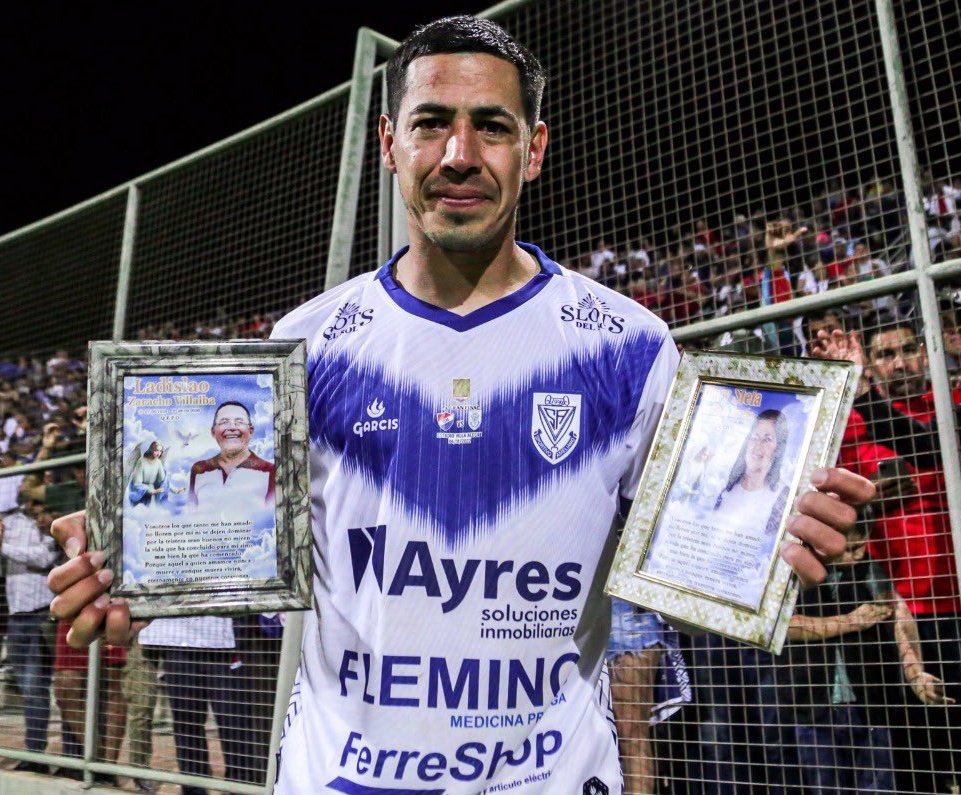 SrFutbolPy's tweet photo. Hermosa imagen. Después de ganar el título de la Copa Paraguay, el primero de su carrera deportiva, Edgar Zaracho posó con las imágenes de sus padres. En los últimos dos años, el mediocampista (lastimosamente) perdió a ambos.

--

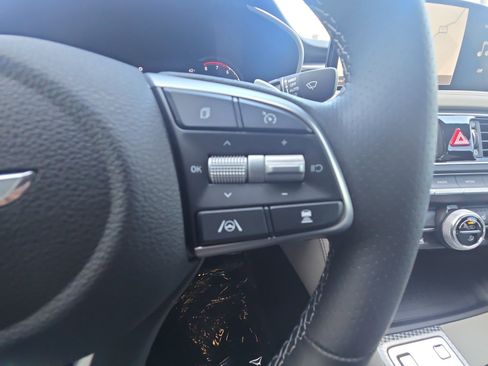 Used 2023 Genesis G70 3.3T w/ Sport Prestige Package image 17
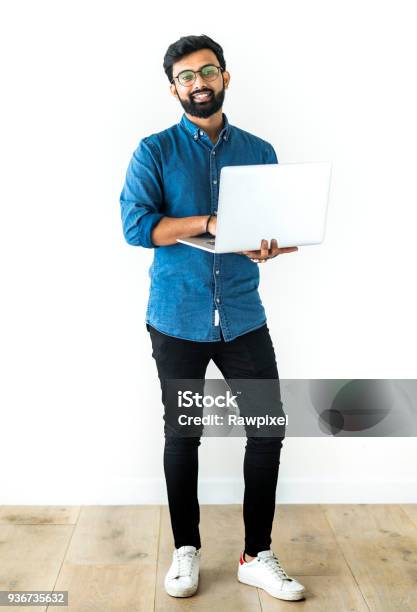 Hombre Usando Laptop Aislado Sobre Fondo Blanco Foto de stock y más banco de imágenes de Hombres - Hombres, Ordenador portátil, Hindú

---

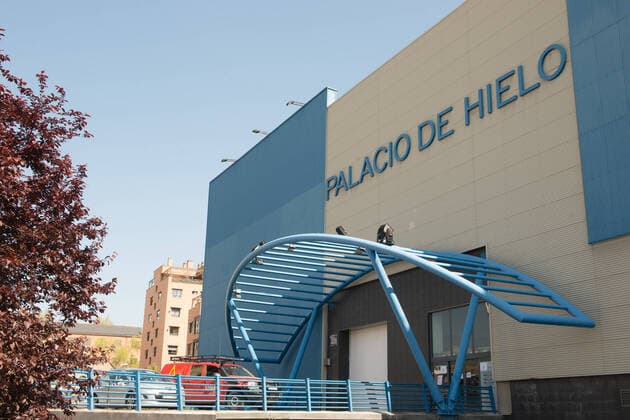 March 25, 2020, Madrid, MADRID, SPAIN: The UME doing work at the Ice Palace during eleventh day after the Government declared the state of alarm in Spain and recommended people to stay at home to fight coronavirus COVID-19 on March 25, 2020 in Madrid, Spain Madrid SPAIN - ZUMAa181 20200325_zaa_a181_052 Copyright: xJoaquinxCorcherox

Task to complete
Start with the line above containing "Used 2023 Genesis" and end with the line containing "Hombre Usando Laptop". Set down that stretch exactly, without any pictures.

Solution for this exercise
 Used 2023 Genesis G70 3.3T w/ Sport Prestige Package image 17
 Hombre Usando Laptop Aislado Sobre Fondo Blanco Foto de stock y más banco de imágenes de Hombres - Hombres, Ordenador portátil, Hindú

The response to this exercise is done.